=== Exercise ===
After finding the line containing "QR Display Stand" below, please output that line and each following one through the line containing "4 Cadeiras de", exactly as written.

=== Information supplied ===
*****

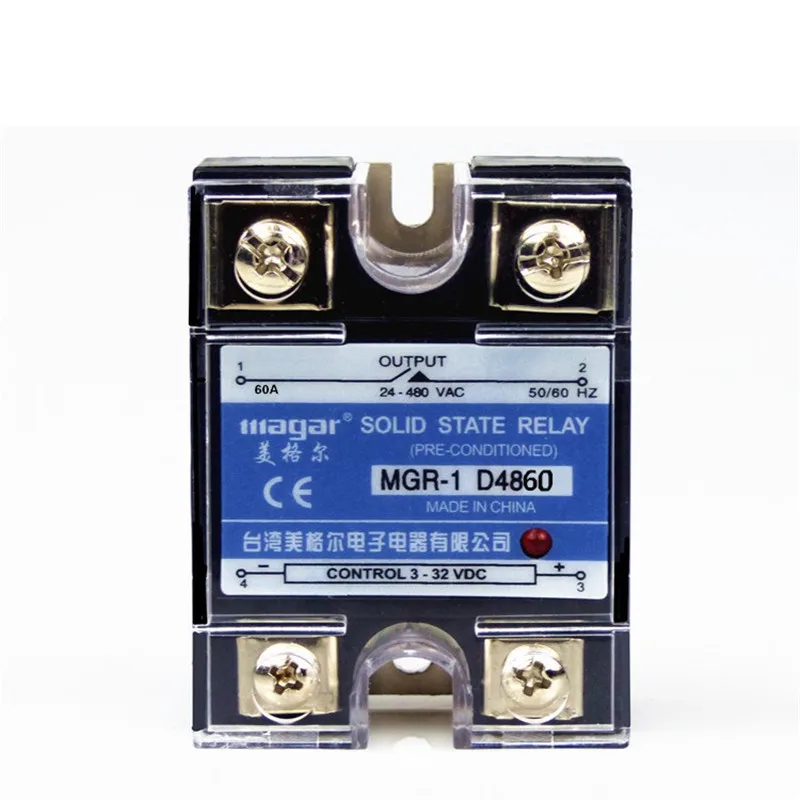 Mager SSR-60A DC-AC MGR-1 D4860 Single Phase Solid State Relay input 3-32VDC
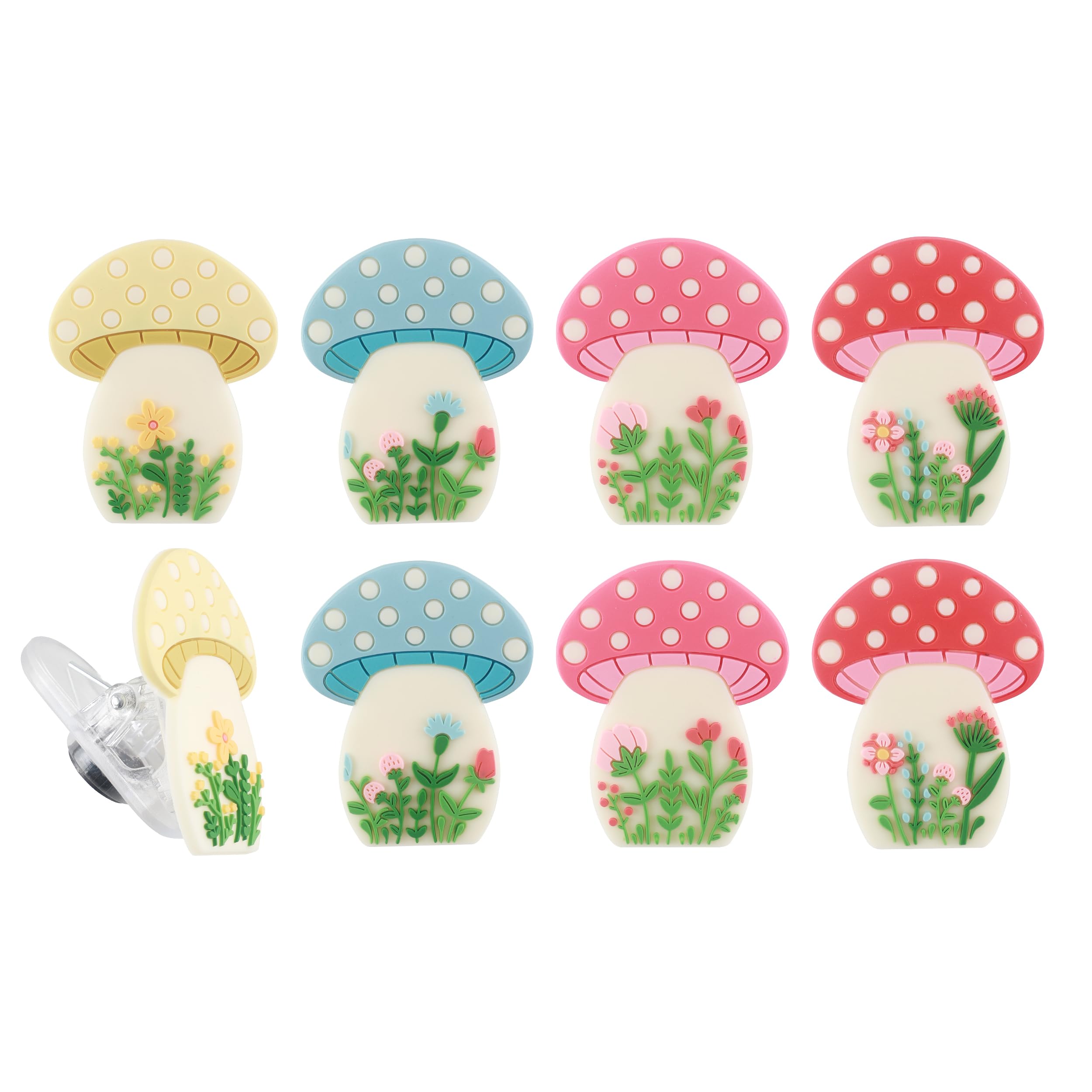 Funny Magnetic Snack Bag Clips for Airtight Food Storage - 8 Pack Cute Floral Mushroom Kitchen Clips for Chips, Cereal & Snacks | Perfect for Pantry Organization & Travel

*****

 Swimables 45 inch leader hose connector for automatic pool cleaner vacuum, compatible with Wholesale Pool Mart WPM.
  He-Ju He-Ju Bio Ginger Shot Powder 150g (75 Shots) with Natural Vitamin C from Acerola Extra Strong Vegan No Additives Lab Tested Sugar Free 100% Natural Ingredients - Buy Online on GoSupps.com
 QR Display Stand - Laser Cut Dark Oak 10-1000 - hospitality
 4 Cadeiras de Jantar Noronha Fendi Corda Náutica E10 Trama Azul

*****

=== Output ===
 QR Display Stand - Laser Cut Dark Oak 10-1000 - hospitality
 4 Cadeiras de Jantar Noronha Fendi Corda Náutica E10 Trama Azul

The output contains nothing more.